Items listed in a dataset
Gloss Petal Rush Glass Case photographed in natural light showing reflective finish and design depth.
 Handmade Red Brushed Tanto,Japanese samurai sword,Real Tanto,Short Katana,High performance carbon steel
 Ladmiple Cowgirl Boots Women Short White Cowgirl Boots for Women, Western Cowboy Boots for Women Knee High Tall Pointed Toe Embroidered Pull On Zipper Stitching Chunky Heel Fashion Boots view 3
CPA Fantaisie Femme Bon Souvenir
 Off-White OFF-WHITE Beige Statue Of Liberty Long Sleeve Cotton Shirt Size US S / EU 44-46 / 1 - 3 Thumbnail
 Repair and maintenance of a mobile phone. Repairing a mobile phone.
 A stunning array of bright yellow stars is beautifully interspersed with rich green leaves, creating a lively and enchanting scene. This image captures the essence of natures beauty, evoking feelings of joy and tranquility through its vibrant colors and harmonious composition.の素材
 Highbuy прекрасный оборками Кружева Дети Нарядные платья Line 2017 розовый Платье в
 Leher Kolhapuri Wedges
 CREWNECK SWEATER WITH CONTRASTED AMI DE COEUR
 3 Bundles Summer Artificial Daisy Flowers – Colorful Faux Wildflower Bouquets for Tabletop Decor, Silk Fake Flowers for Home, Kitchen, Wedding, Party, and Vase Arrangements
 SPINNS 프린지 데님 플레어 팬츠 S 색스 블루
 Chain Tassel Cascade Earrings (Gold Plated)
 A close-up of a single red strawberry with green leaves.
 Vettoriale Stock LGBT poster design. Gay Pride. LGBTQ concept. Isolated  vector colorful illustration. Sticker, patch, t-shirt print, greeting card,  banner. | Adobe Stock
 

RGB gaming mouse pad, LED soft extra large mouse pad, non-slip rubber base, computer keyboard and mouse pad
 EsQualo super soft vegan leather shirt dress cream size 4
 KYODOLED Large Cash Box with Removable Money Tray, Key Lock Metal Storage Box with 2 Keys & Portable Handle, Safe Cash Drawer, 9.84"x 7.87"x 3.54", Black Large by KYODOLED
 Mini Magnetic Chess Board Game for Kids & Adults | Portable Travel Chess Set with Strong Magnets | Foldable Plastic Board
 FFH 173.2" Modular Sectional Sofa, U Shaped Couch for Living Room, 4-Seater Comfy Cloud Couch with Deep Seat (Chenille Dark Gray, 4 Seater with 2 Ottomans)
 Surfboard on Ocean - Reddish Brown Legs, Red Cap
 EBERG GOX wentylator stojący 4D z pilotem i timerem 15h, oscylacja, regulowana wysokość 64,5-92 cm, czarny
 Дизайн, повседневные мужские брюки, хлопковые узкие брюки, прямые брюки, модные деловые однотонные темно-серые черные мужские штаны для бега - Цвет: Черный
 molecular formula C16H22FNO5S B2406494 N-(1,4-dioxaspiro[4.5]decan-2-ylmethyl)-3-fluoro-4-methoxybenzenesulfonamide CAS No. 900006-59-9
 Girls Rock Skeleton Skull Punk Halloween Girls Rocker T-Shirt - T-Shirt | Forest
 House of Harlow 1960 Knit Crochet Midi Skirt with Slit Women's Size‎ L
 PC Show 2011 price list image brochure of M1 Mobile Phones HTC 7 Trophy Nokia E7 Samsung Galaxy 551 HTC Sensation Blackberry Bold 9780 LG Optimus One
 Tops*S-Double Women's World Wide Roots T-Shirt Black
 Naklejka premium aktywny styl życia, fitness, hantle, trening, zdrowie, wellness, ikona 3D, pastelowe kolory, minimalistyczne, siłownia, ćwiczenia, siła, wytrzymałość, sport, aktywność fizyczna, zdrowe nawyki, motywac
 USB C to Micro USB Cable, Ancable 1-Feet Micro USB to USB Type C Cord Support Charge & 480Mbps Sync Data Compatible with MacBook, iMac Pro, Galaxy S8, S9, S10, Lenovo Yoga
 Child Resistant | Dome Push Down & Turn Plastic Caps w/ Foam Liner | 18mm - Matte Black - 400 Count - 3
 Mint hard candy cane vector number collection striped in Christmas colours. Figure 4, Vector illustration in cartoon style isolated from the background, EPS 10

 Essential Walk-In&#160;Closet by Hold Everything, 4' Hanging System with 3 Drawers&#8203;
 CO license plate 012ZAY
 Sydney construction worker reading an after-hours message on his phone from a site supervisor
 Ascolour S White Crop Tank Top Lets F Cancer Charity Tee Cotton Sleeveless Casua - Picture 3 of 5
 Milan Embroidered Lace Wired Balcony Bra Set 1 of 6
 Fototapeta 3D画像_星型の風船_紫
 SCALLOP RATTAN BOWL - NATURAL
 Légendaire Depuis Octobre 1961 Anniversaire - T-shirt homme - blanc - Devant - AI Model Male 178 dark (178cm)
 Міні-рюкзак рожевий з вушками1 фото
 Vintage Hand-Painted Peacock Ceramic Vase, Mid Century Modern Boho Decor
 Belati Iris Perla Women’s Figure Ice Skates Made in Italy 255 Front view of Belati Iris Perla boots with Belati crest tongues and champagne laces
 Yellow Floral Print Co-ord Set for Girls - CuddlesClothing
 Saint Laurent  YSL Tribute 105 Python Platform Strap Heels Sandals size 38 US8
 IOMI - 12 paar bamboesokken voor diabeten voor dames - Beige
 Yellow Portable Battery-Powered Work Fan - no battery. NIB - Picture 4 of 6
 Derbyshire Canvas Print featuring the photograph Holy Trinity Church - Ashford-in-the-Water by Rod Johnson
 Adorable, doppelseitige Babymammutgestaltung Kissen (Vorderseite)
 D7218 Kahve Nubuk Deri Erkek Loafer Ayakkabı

Task prompt -> Of the entries above, transcribe exactly those lines that fall between the line containing "Chain Tassel Cascade Earrings (Gold Plated)" and the line containing "EsQualo super soft", together with those two lines.

Exercise response ->
 Chain Tassel Cascade Earrings (Gold Plated)
 A close-up of a single red strawberry with green leaves.
 Vettoriale Stock LGBT poster design. Gay Pride. LGBTQ concept. Isolated  vector colorful illustration. Sticker, patch, t-shirt print, greeting card,  banner. | Adobe Stock
 

RGB gaming mouse pad, LED soft extra large mouse pad, non-slip rubber base, computer keyboard and mouse pad
 EsQualo super soft vegan leather shirt dress cream size 4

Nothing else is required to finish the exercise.